気休め程度の冷却効果が少しでも彼女の方に行くように。

「それでもどうしても、と言うのであれば、それはあなたが体調が悪いのが悪い、と言わざるを得ませんね。
 あなたが私達のそう言うところが嫌い、と感じるように。
 私もその言葉だけでそうですか、と放置してしまう自分は嫌いです。
 結局はエゴの押し付け合いなので「体調が悪い中炎天下を歩いていた」と言う落ち度のあるそちらが折れるのが理屈ではないでしょうか?」

勿論こちらに落ち度があれば言って頂ければ、と続けてから笑う。

雪城 氷架 >  
ダメそうだ。
こういう手合いは、はっきり言葉にしないとわかってくれないのかもしれない。
……面倒くさい。ただでさえ、体調も良くないのに。

「…返すよ。キャップもまだ開けてないし。
 タオルも、洗って風紀委員の本庁に届けさせてもらう」

スポドリのペットボトルを差し向ける。
…彼女は受け取らないかもしれないが、それでも構わない、手を離す。地面に落ちたって、知らない。

照り返す日差しに熱を持つ身体とは裏腹に、頭の中は冷えていく。
…あの時もこんな気持ちになったっけ。
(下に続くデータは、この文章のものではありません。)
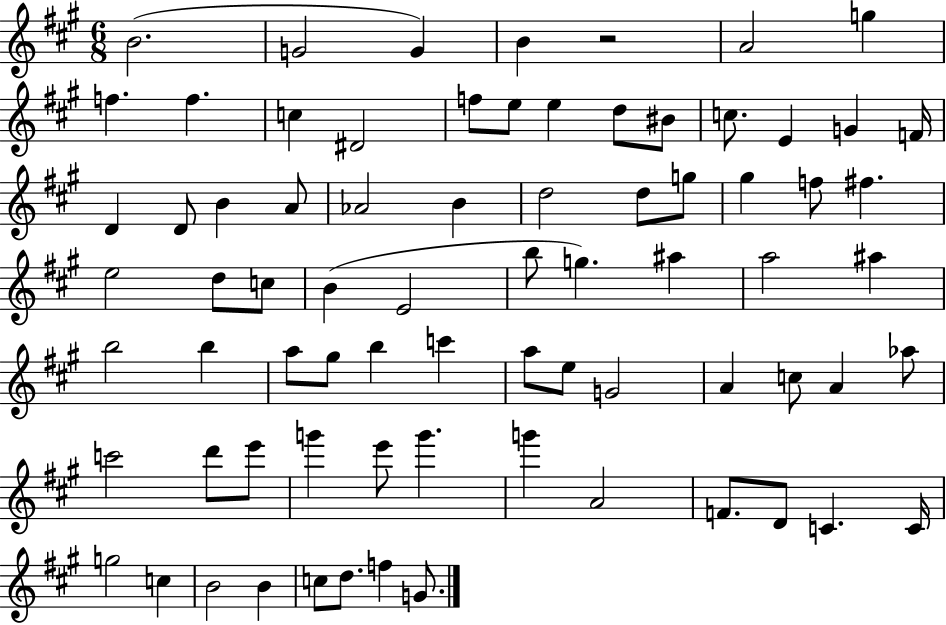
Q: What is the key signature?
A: A major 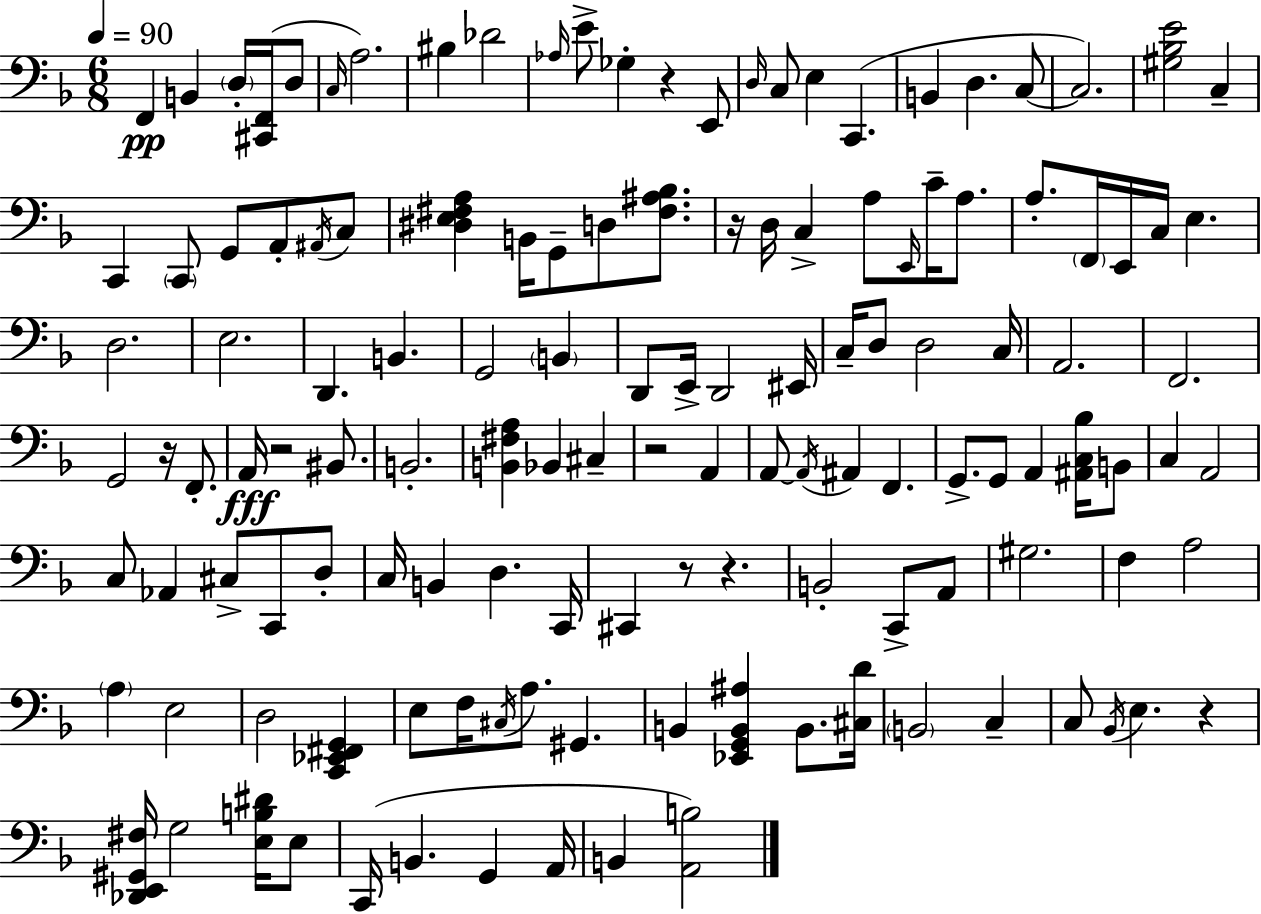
X:1
T:Untitled
M:6/8
L:1/4
K:F
F,, B,, D,/4 [^C,,F,,]/4 D,/2 C,/4 A,2 ^B, _D2 _A,/4 E/2 _G, z E,,/2 D,/4 C,/2 E, C,, B,, D, C,/2 C,2 [^G,_B,E]2 C, C,, C,,/2 G,,/2 A,,/2 ^A,,/4 C,/2 [^D,E,^F,A,] B,,/4 G,,/2 D,/2 [^F,^A,_B,]/2 z/4 D,/4 C, A,/2 E,,/4 C/4 A,/2 A,/2 F,,/4 E,,/4 C,/4 E, D,2 E,2 D,, B,, G,,2 B,, D,,/2 E,,/4 D,,2 ^E,,/4 C,/4 D,/2 D,2 C,/4 A,,2 F,,2 G,,2 z/4 F,,/2 A,,/4 z2 ^B,,/2 B,,2 [B,,^F,A,] _B,, ^C, z2 A,, A,,/2 A,,/4 ^A,, F,, G,,/2 G,,/2 A,, [^A,,C,_B,]/4 B,,/2 C, A,,2 C,/2 _A,, ^C,/2 C,,/2 D,/2 C,/4 B,, D, C,,/4 ^C,, z/2 z B,,2 C,,/2 A,,/2 ^G,2 F, A,2 A, E,2 D,2 [C,,_E,,^F,,G,,] E,/2 F,/4 ^C,/4 A,/2 ^G,, B,, [_E,,G,,B,,^A,] B,,/2 [^C,D]/4 B,,2 C, C,/2 _B,,/4 E, z [_D,,E,,^G,,^F,]/4 G,2 [E,B,^D]/4 E,/2 C,,/4 B,, G,, A,,/4 B,, [A,,B,]2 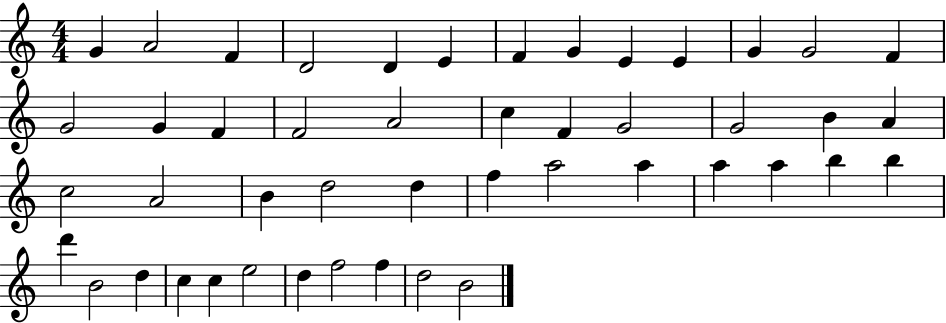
G4/q A4/h F4/q D4/h D4/q E4/q F4/q G4/q E4/q E4/q G4/q G4/h F4/q G4/h G4/q F4/q F4/h A4/h C5/q F4/q G4/h G4/h B4/q A4/q C5/h A4/h B4/q D5/h D5/q F5/q A5/h A5/q A5/q A5/q B5/q B5/q D6/q B4/h D5/q C5/q C5/q E5/h D5/q F5/h F5/q D5/h B4/h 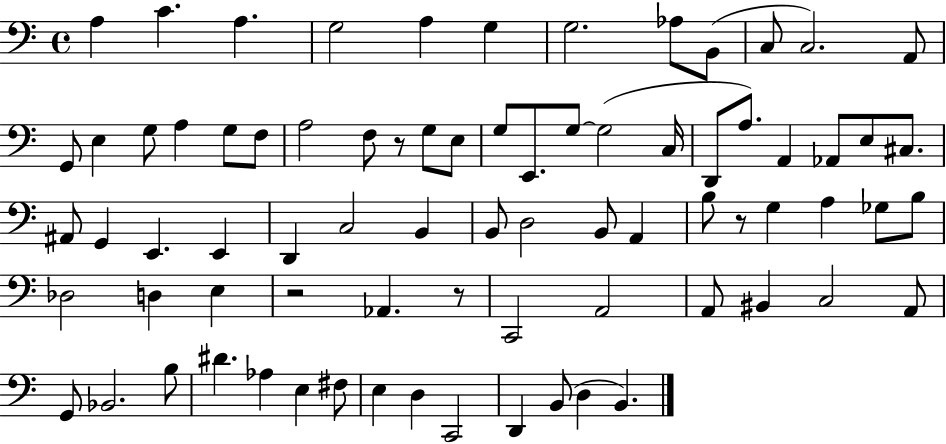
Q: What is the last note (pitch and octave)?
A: B2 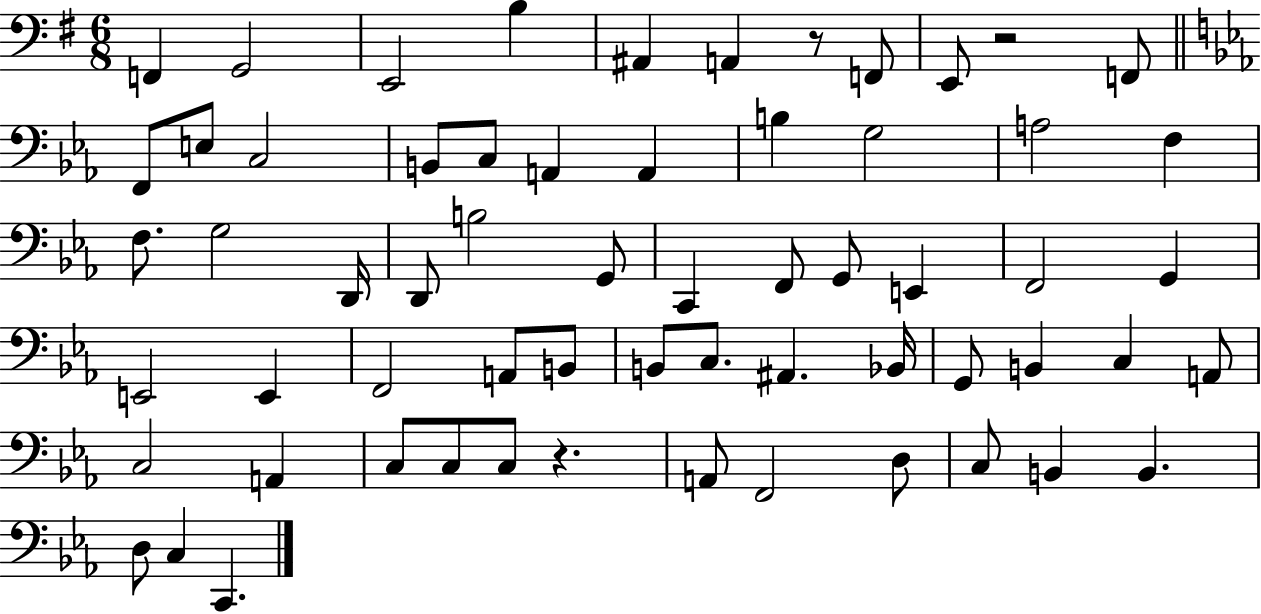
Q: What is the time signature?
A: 6/8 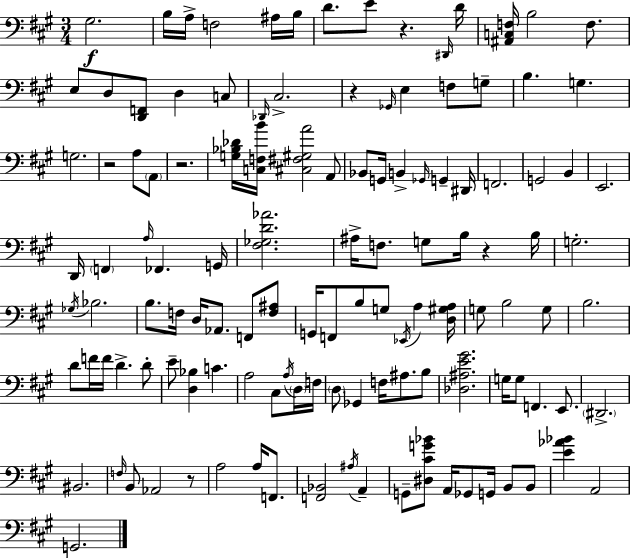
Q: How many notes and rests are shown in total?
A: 124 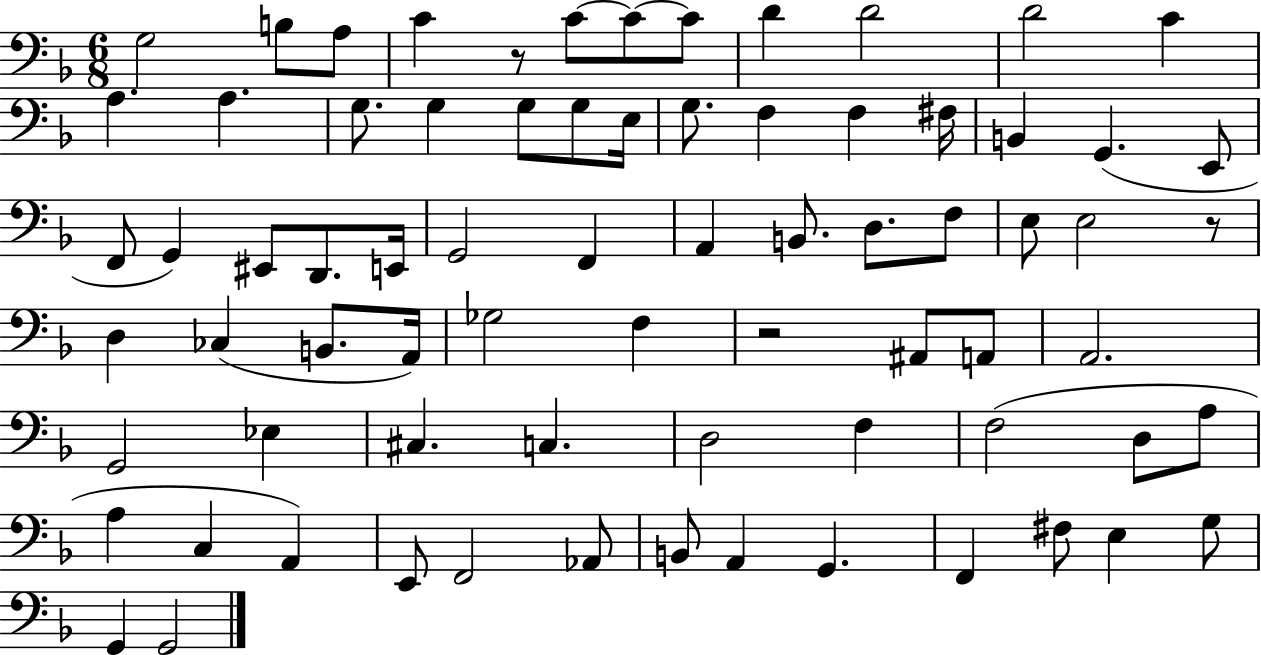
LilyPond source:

{
  \clef bass
  \numericTimeSignature
  \time 6/8
  \key f \major
  g2 b8 a8 | c'4 r8 c'8~~ c'8~~ c'8 | d'4 d'2 | d'2 c'4 | \break a4. a4. | g8. g4 g8 g8 e16 | g8. f4 f4 fis16 | b,4 g,4.( e,8 | \break f,8 g,4) eis,8 d,8. e,16 | g,2 f,4 | a,4 b,8. d8. f8 | e8 e2 r8 | \break d4 ces4( b,8. a,16) | ges2 f4 | r2 ais,8 a,8 | a,2. | \break g,2 ees4 | cis4. c4. | d2 f4 | f2( d8 a8 | \break a4 c4 a,4) | e,8 f,2 aes,8 | b,8 a,4 g,4. | f,4 fis8 e4 g8 | \break g,4 g,2 | \bar "|."
}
少しだけ懐かしむ。

「初対面の相手に1から10まで話すヤツなんていないよ」

「"やめて欲しい"それだけで汲んでもらえると思ったんだけどな…」

彼女の質問には答えられない。
小難しいことを言われても、意味も理解らない。
だからそれだけを告げて……少女は、己の首に手をかけて。
異能抑制用の、チョーカーを外した。

瞬間、少女の周囲…日傘を傾けた彼女の範囲も含めて、真夏とは思えぬ──凍える様な気温へと変化する。

「…調子悪いから加減効かないや。
 ……さっきも言ったけど、アンタの親切に感謝はしてたよ。
 そのやり方…というか在り方…っていうのか、よくわかんないけど、それも尊重する」

「──でも私には合わない。それで納得してくれないかな」

桜 緋彩 >  
「――なるほど、わかりました」

返されたペットボトルは受け取る。

「今更ではありますが、差し出がましい真似を致しましたね。
 大変申し訳ない」

頭を下げて。
姿勢を戻してから日傘を畳み、一応差し出しておこう。

「せめて日傘はお持ちください。
 邪魔だと言うのなら捨てても構いませんし、使って返す、と言うことでしたらタオルと同じように本庁に届けて頂ければ、それで」

鞄に押し込んだ風紀の制服を取り出し、会った時と同じように制服の上に着る。
改めて姿勢を正して彼女に向き合い、

「それでは、私はこれで失礼致します。
 まだ教室棟まで距離はありますし、この暑さです。
 道中お気をつけて。
 では」

もう一度びしりと一礼してから、来た道を歩いていく――

ご案内:「学生通り」から桜 緋彩さんが去りました。
雪城 氷架 >  
「……はぁ、…っ、()………」

彼女の背中を見送ってから、胸元を抑え小さなうめき声をあげる。
凍えるような寒さ。真夏の照りつける太陽の光とのアンバランスさに気分が悪い。

「……まったく」

残された日傘を手に、もう一度深い溜息。

「捨ててったらゴミになるじゃん…。
 ああもう、なんでこんな面倒なことになったんだ…?」

風紀委員、というだけで構えてしまう自分のせい、だろうか。
タオルと、日傘と、返すために委員会街まで行かなきゃいけなくなった。

「………」

異能抑制用のチョーカーをつけなおし、日傘を差す。
辺りは再び真夏の熱気、でも日傘のお陰で、大分マシに感じる。

「はぁ…まぁ、言いそびれたしその時についでにお礼も伝えてもらうか……」

名前ぐらい聞いとけばよかったな、と思いつつ。
あの身体的特徴を伝えれば大体わかるだろ…という安直な答えにすぐに辿り着き、その後も何度かフラつきながら教室棟へと辿り着いて。
ようやく補修の席につけば、今度は難解な補修内容に頭を抱えることになるのだった。

ご案内:「学生通り」から雪城 氷架さんが去りました。